[Records from a collection]
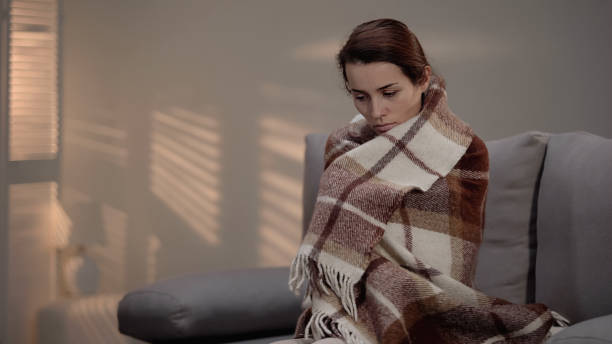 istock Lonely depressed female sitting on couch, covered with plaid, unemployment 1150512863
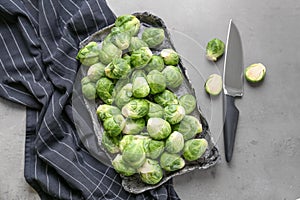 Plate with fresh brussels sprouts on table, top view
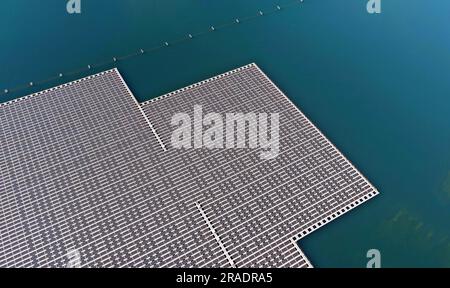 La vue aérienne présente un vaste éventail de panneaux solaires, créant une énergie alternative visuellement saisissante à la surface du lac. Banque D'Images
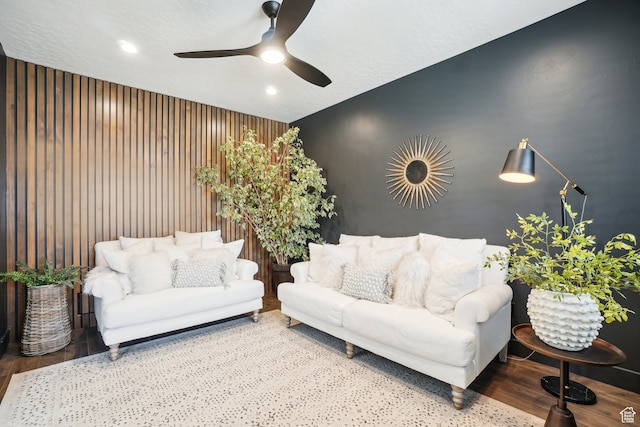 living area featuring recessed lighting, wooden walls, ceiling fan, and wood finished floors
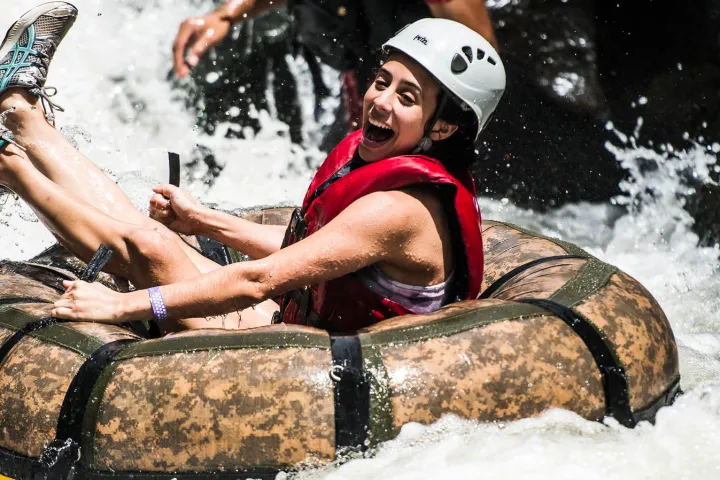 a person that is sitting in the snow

**Task item:** Retype the records above exactly, starting at the line that contains "Plate with fresh" and going through the last line, and leave out any pictures.

**Answer to this exercise:**
 Plate with fresh brussels sprouts on table, top view
 La vue aérienne présente un vaste éventail de panneaux solaires, créant une énergie alternative visuellement saisissante à la surface du lac. Banque D'Images
 living area featuring recessed lighting, wooden walls, ceiling fan, and wood finished floors
 a person that is sitting in the snow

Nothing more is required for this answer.